● Task instructions: Search the data for the word "Villa" and copy out every line that has it.
____ Dataset extract
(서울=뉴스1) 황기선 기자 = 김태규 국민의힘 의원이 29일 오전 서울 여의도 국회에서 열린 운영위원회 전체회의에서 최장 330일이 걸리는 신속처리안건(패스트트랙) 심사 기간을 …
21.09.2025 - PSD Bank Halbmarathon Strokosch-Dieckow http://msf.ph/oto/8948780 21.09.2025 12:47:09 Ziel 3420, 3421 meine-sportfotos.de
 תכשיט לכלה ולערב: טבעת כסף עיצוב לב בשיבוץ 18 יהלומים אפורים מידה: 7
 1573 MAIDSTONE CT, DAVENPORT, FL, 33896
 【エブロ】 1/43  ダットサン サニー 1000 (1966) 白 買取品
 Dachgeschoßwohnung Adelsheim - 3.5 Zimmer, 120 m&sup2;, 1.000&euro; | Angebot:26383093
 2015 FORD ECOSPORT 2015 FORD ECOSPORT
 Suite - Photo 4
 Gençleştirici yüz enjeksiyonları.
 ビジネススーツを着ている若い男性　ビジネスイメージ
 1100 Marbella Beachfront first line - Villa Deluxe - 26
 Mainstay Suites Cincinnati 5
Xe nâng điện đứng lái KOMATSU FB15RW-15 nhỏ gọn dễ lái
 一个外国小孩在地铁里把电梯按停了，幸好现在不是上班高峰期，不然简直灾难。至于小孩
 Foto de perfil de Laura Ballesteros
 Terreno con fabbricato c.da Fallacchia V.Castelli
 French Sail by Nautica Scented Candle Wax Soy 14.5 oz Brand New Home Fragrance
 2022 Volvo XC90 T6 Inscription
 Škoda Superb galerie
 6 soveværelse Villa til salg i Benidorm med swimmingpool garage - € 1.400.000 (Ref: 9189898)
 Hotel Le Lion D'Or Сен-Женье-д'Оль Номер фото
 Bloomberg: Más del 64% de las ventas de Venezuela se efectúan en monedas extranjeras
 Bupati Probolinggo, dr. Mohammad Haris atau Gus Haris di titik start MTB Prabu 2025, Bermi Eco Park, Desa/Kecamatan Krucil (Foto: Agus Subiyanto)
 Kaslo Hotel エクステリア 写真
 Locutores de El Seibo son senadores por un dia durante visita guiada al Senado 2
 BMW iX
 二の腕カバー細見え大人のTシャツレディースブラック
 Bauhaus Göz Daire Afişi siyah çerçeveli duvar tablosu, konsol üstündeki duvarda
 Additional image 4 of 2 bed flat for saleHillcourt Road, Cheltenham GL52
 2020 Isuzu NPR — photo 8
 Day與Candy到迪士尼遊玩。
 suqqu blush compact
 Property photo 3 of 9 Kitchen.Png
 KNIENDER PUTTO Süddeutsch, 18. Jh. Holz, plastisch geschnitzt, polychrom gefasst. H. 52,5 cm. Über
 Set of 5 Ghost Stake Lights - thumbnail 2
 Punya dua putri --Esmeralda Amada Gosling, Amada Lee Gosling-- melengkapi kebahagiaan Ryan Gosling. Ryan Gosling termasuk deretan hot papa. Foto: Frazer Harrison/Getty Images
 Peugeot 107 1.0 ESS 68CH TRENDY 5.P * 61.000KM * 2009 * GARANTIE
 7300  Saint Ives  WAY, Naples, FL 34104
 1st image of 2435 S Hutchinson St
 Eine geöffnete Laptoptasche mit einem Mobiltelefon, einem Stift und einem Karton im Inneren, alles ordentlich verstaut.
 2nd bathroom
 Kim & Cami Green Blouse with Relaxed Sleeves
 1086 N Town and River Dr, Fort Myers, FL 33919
________
● Result for this task:
 1100 Marbella Beachfront first line - Villa Deluxe - 26
 6 soveværelse Villa til salg i Benidorm med swimmingpool garage - € 1.400.000 (Ref: 9189898)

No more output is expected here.